'the pain of training is less than the pain of regret'
- Monday 4th February - River Run inc stretching 5.7km (40m47s / 577calories)
- Monday 4th February - OneOnOne PT 10xStairRuns & 300Crunches
- Tuesday 5th February - Weights & Cardio (1hr2min / 875calories)
- Wednesday 6th February - River Run 3.6km (23m41s / 337calories)
- Wednesday 6th February - Boxing Circuit (1hr2min / 869 calories)
- Thursday 7th February - Circuit 3min Rounds (40min10sec / 537calories)
- Sunday 10th February - Home Circuit (44min / 661calories)
I started the week with all the right intentions, planning a tight training schedule that would be the equal of my pre-Xmas levels. However, as I am regularly reminded, Boxing is an unforgiving game and I quickly found that I had to earn the levels I had previously become accustomed too. Don't get me wrong, I was still putting in work during January (as my previous Blogs show), however to operate at the pre-Xmas level then I should have been training at that level and as I now know, it's not something you can just switch On and Off.

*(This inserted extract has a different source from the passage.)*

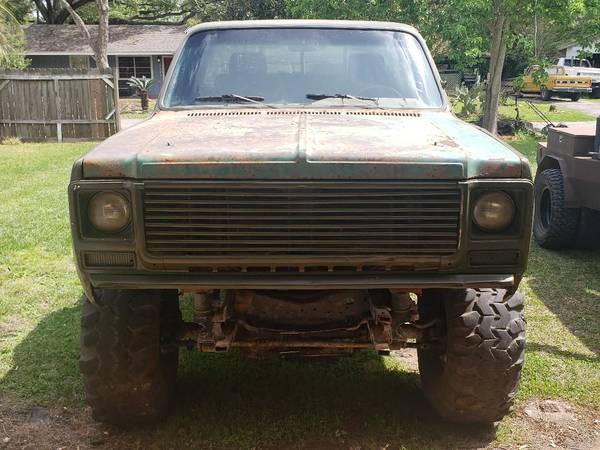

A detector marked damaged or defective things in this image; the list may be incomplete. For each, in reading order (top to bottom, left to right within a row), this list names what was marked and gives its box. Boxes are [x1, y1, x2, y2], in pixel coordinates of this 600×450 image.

rusty chevy k10 [69, 19, 536, 424]
rusted hood [82, 109, 528, 179]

I was frustrated in my first few classes this week, I was getting through them, just not at the intensity I would have liked. More importantly, my Friday & Saturday training intentions had to be put on hold. My body was exhausted. Yes, I could have soldiered on, but I'm in this for the long haul, so I won't apologise for a couple of days rest at the early stages of my 2013 training............. as long as I don't make a habit of it.
Fortunately, my mates gave me the motivation I needed to close off the training week with some sweat & tears by asking me to come up with a 45minute training circuit at my place Sunday arvo............. so thanks to Claire, Dale & Kevvie for giving me a reason to finish the week strong!!
Heres what I came up with - 1 minute each station with a 10second break in between:
- ChinUps
- Left / Rights (Heavy Bag)
- Step Ups (Stairs)
- Barbell Curls
- SitUps
- Medicine Ball Burpees
- KettleBells Swings
- Tyre & Sledgehammer
- Ground & Pound (Core Bag)
- Wall Sit
- Weighted Left /Rights
- Sumo Squat (8kg or 12kg Kettle Bell)
- Leg Raises
- Hooks (Heavy Bag)
- Angled Press Ups (Stairs)
- Barbell Upright Row
- Crunches
- Russian Twist (Medicine Ball)
- Turkish GetUps (8kg or 12kg Kettle Bell)
- Tyre & Sledgehammer
- Core Bag Squats
- Mountain Climbers against a Wall
- Weighted Holds
- Kettle Bells Lunges (8kg or 12kg Kettle Bell)
- 1 Minute Plank

Hopefully we can make a habit of these sessions!